6 of 435 comments (clear)

  1. Re:pyhrric by I'm+Don+Giovanni · · Score: 0, Troll

    Sounds like you're having difficulty accepting defeat and are engaged in spin.
    It's like the five stages of grief:
    1. Denial
    2. Anger
    3. Bargaining
    4. Depression
    5. Acceptance

    You're at stage 1 right now, trying to spin defeat into victory, and are already headed to stage 2 ("I'm really fucked off about ...").

    BTW, others have already implemented OOXML (the original ECMA version, though updates will be made for the new ISO version), but MSO will have no problem competing on features, UI, integration, enterprise solutions, office dev platform, etc.

    --
    -- "I never gave these stories much credence." - HAL 9000
  2. Re:Approval was not won... by I'm+Don+Giovanni · · Score: 0, Troll

    I keep seeing this charge. Can you provide specifics? Yeah, I know about the Sweden incident last September, but MS reported that incident to the authorities themselves, and OOXML failed the September vote (to much rejoicing of slashdotters). But what about this new vote? Where is the evidence of "approval was purchased"? It seems to be a charge much bandied about around here without a shred of proof.

    Why can't you accept the fact that OOXML failed the September vote due to technical problems, ECMA/MS addressed those problems, and thus removed any real reason to reject OOXML in the new vote. Or is it that the opposition in reality had nothing to due with technical problems, but was rather politically driven, and so even a 100% pristine "perfect" spec still wouldn't pass muster with the likes of you because of the politics?

    --
    -- "I never gave these stories much credence." - HAL 9000
  3. Re:Here come Barbra... by westlake · · Score: 0, Troll
    But witness that recent brand-awareness survey. As understanding of the computer world seeps into mainstream conciousness, MSFT's rotten practices are coming back to haunt them.

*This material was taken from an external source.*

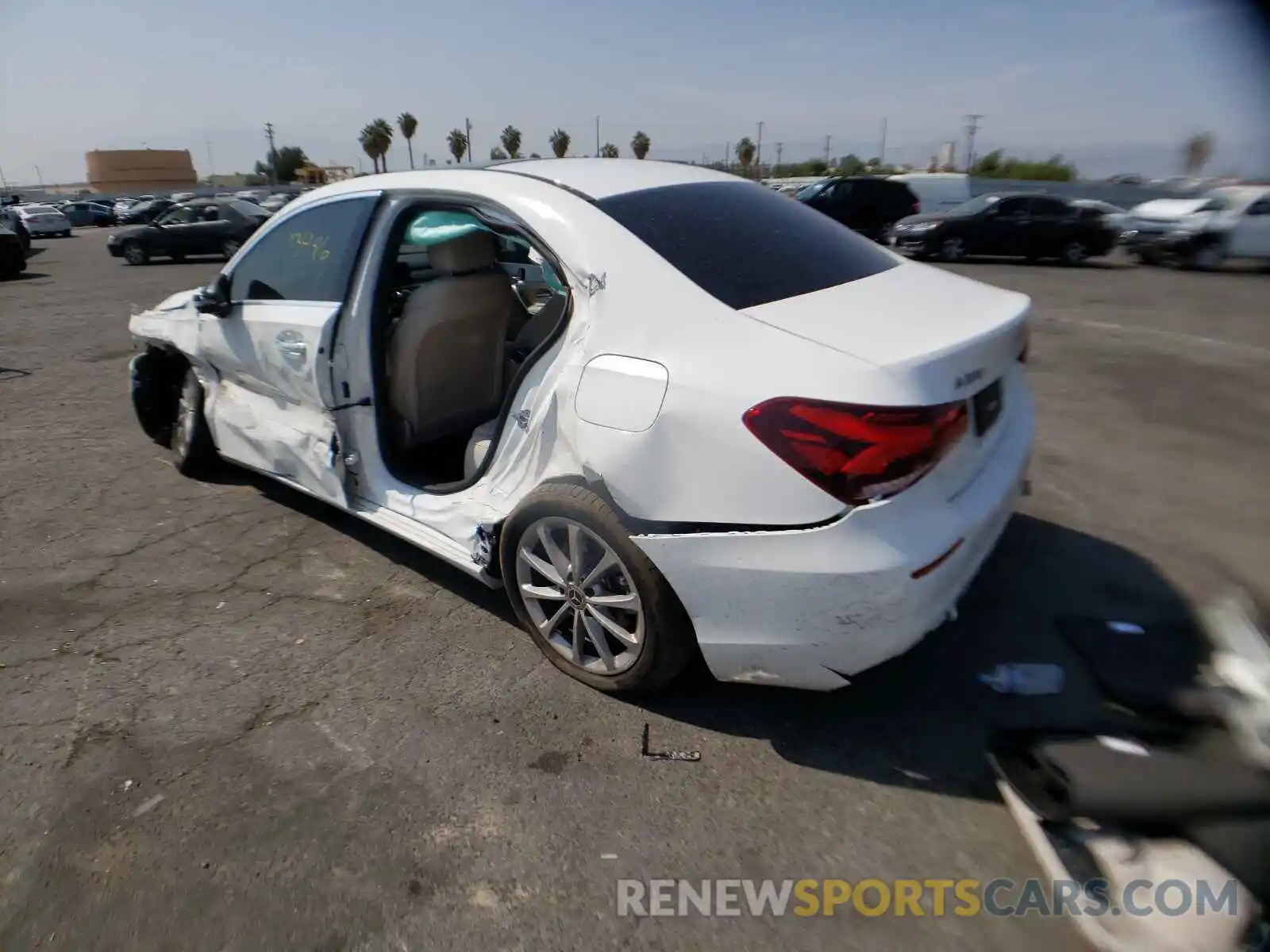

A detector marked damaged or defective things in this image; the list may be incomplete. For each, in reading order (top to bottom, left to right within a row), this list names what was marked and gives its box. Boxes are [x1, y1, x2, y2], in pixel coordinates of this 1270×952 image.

dented body panel [124, 159, 1031, 695]
white damaged sedan [129, 160, 1031, 695]
cracked asphalt pavement [0, 233, 1264, 952]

    The surveys that Microsoft cares about tend to look more like these:

    The Year of Office 2007
    Microsoft SharePoint taking business by storm
    Microsoft Q2 2008 by the Numbers
    Top Operating System Versions Share Trend for May, 2007 to March, 2008, Top Operating System Share Trend for May, 2007 to March, 2008 , Operating System Market Share for March, 2008

    In the Net Applications stats you'll find Vista winning a healthy 14% share of the market and Linux neatly sandwiched between Win NT and Win 98 with a 0.61% share.

  4. Re:ISO death bell by gregorio · · Score: 0, Troll

    LOL. You clearly have no understanding of the ISO. They're responsible for thousands of standards in a wide variety of industries. Even if people ignored their computer-related standards, few would notice. The ISO is mostly known for their manufacturing process and quality control standards
    Even worse: almost 100% of the people and companies who are the real ISO's customers and user base were in OOXML's favor. Not because they love Microsoft, or because they're dying to choose OOXML instead of ODF, but because they actually understand the standardization process, and having companies specify their formats (even when there are other standards on the same subject) is part of why we have ISO in the first place.

    Those international standard bodies could not care LESS about what OSS zealots think. They're not relevant to their operations and existance.

    What actually happened in this whole OOXML situation was OSS zealots making fools of themselves, in front of the entire market. Every smart person realised that it was just a silly, childish "omg, let's fight hard to screw microsoft on this one" festival of crappy activism.
  5. Re:Abandon All Hope by Alsee · · Score: 1, Troll

    there's no technical reason to reject OOXML

    Hahaha. That's a hoot.

    Yes a thousand or some such problems have been partially or completely improved during this ridiculously brief superficial joke of a fast-track process. But that is only because there were five to ten thousand or more errors and flaws in this hastily and carelessly slapped together OOXML proposal.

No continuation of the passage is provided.